In this article, Rod Oram discusses the two options he sees for battling inflation:
- Raise interest rates to slow growth, thereby reducing the pressure on our limited resources.
- Increase the resource base
Both of these ‘strategies’ would reduce inflationary pressure. One would reduce aggregate demand; the other would increase aggregate supply.
The first strategy is what NZ is doing (and most countries try to do when inflation comes out of the bag). The second ‘strategy’ would be preferable, as it would increase the number of goods we can buy as a nation. However, Rod didn’t tell us how we are supposed to increase our resource base. According to him we can ‘grow it’, so as the economy is growing the resource base will magically grow as well.
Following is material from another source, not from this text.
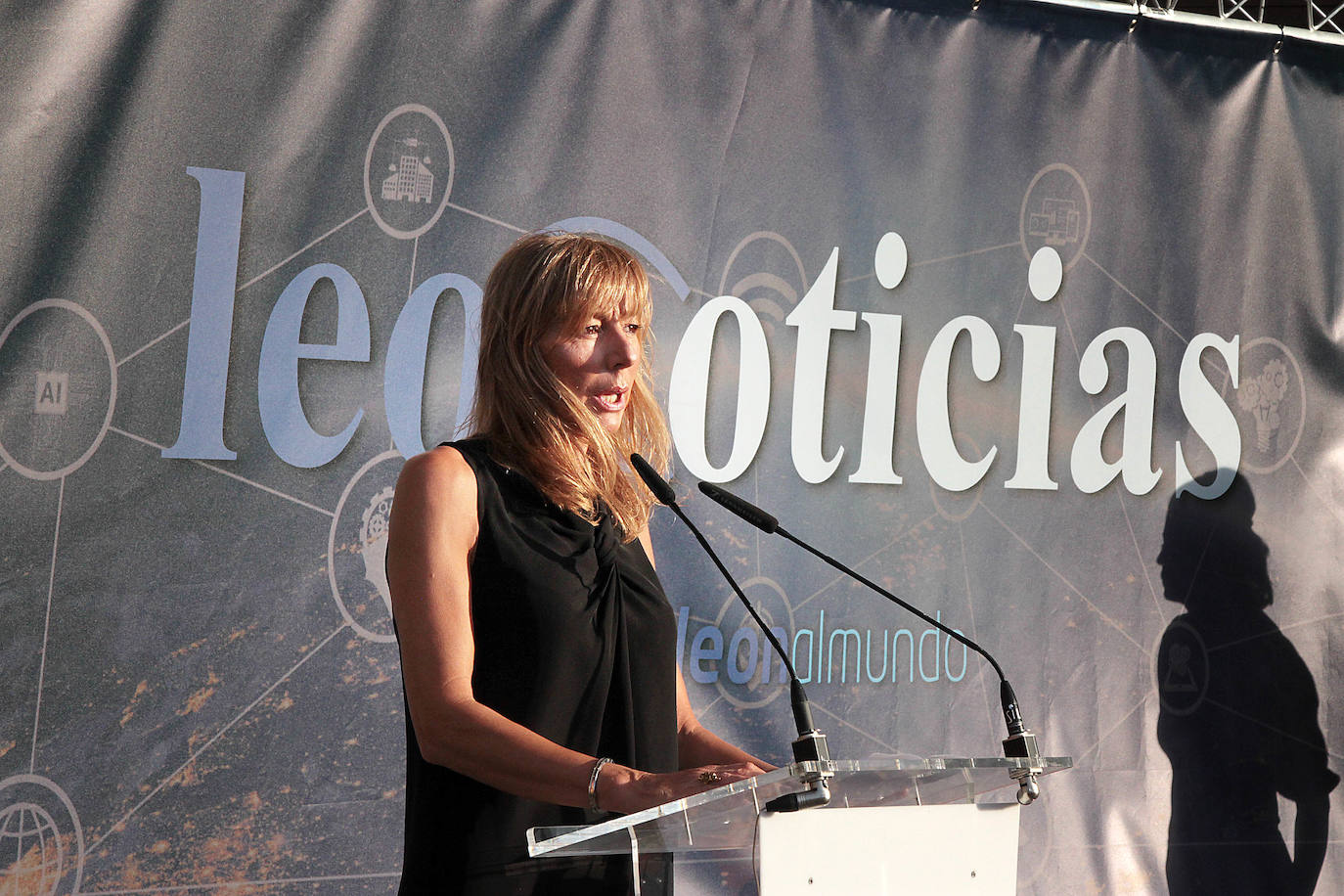 Leonoticias entrega 25 'Leones Alados' a quienes «han participado en una lucha sin descanso» contra el COVID-19 | El diario digital celebra el evento 'León con fuerza frente al COVID-19' para reconocer la labor de diferentes entidades durante la pandemia del coronavirus.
I don’t agree with this idea, but I’m going to try and rationalize what he is saying, and then say why I think it won’t work. Many people have been saying that if we had lower interest rates, investment would be greater, which is an increase in our resource base. As a result, this may be his solution, lower interest rates increase investment, which increases aggregate supply. The problem is, if we kept interest rates at a lower level, we are implicitly allowing a greater level of money supply growth into the economy, which will in turn cause upward pressure on inflation. Which effect dominates depends on the productivity of new capital investment, as if new capital is very productive then the increase in resources requires an increase in the money supply for prices to remain constant.
New Zealand currently has relatively low capital productivity (capital productivity has only risen 1.2% in the last 10 years), and at the margin, this level of productivity will be even lower. This implies that any increase in the supply of resources from a lower interest rate will be very small, and as a result inflationary pressures will be strong.
Furthermore, when a firm makes a long-run investment decision what matters is the long run (risk adjusted) cost and benefit of that investment. In this case the short-term interest rate is not of importance, it is the long-run rate of interest that matters (as interest rate changes can be insured against). Uncertainty for the firms investment decision comes from issues of price, if the level of inflation is high there will be significant volatility between the price of goods (as prices would change at different discrete time periods) making the return on the investment more volatile than in a low inflation environment. As firms are risk averse, higher inflation will lead to lower long run investment – implying that trying to grow our way out of inflation will not work.